Donald Trump’s US election victory earlier this month raised the stakes, with the risk of blanket trade tariffs on European exports of at least 10% – a move economists say could turn Europe’s anemic growth into a real recession.
According to the Portuguese Emigration Observatory, around 2.3 million people born in Portugal, or 23% of its population, currently live abroad. This includes 850,000 Portuguese citizens between the ages of 15 and 39, which is around 30% of young Portuguese and 12.6% of the working age population.

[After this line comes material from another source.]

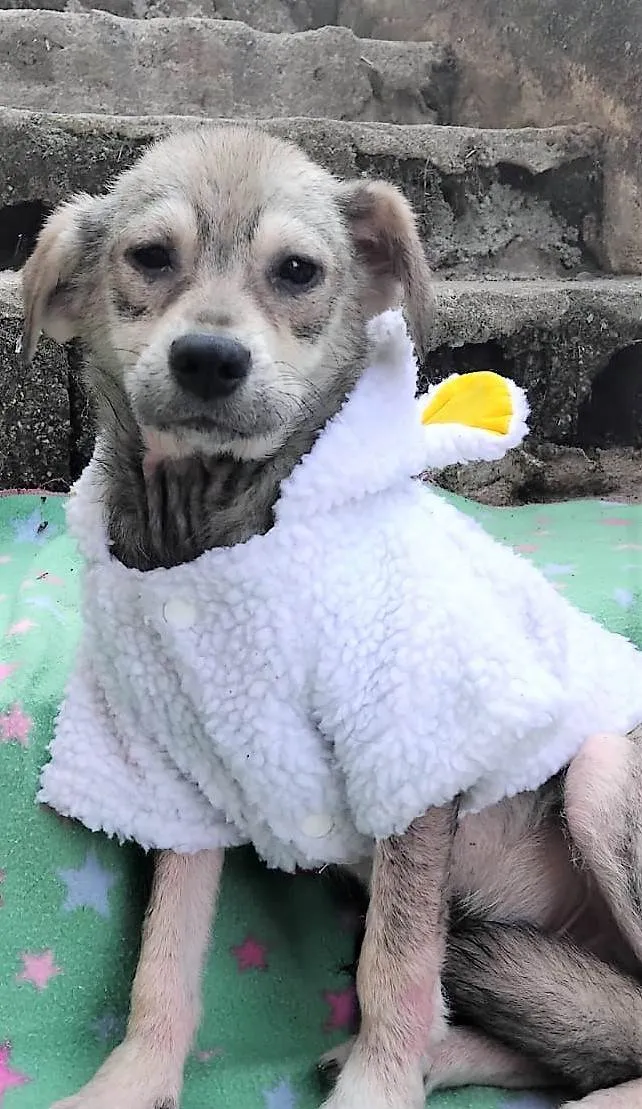 Cachorro ra a SRD-ViraLata idade 2 a 6 meses nome Pandinha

It is also worrying that around 40% of the 50,000 people who graduate from university or technical school each year emigrate, according to a study by Business Roundtable Portugal and Deloitte based on official statistics, costing Portugal billions of euros in lost income from income tax and contributions. for social security.
Demographic hell
“This is not a country for young people,” said Pedro Ginjeira do Nascimento, executive director of Business Roundtable Portugal, an organization that represents the 43 largest companies in this country of 10 million people. “Portugal is experiencing a real demographic hell because the country is unable to create the conditions to retain and attract young talent.”

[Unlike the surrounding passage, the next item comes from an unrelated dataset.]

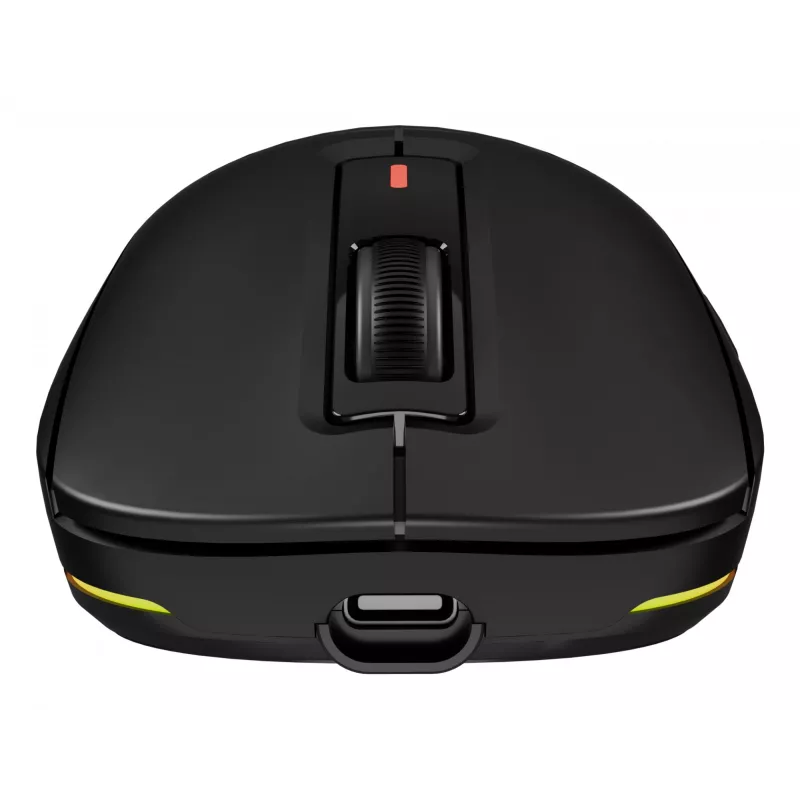 GENESIS NMG-2193 pele Spēlēm Piemērota abām rokām Bluetooth + USB Type-C Optiskais 26000 DPI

Internal migration within the EU is partly caused by differences in wages between the members of the Union. Some economic migrants also say they want better benefits, such as pensions and health care, and less rigid, hierarchical structures that give more responsibility to those in lower roles.

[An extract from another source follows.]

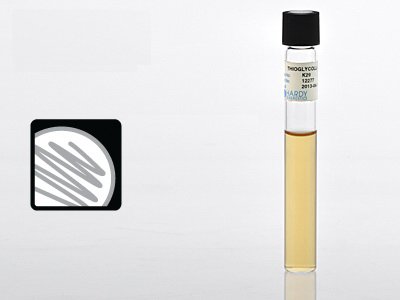 Prepared Media Thioglycollate Medium for Anaerobic Bacteria Growth - BeHope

Concerns are growing over the long-term sustainability of Europe’s economic model, with a rapidly aging population and a failure to capture a significant share of the high-growth markets of the future, from technology to renewables.
Presenting a series of reform proposals aimed at boosting local innovation and investment, former European Central Bank President Mario Draghi said in September that the region faces a “slow agony” of decline if it is not more effective in terms of competitiveness.
Ester Sovek, 45, and her husband are moving from Hungary to Austria, where workers earn an average of 40.9 euros per hour compared to 12.8 euros per hour in Hungary, the largest wage gap between neighboring EU countries.
The number of Hungarians living in Austria has increased to 107,264 by the beginning of 2024, from just 14,151 when Hungary joined the EU.
Soveka’s husband, who works in construction, got a job offer in Austria, while she worked in media and accounting in various multinational companies. She cited better pay, pensions, working conditions and health care as reasons for moving. She also expressed concern about the political situation in Hungary, fearing that it could follow the path of Great Britain and leave the EU.
“The regime changed here in 1989, and 30 years later we are still waiting for a miracle that will allow us to catch up with Austria,” said Sovek, referring to the revolution more than three decades ago that ended communist rule in Hungary.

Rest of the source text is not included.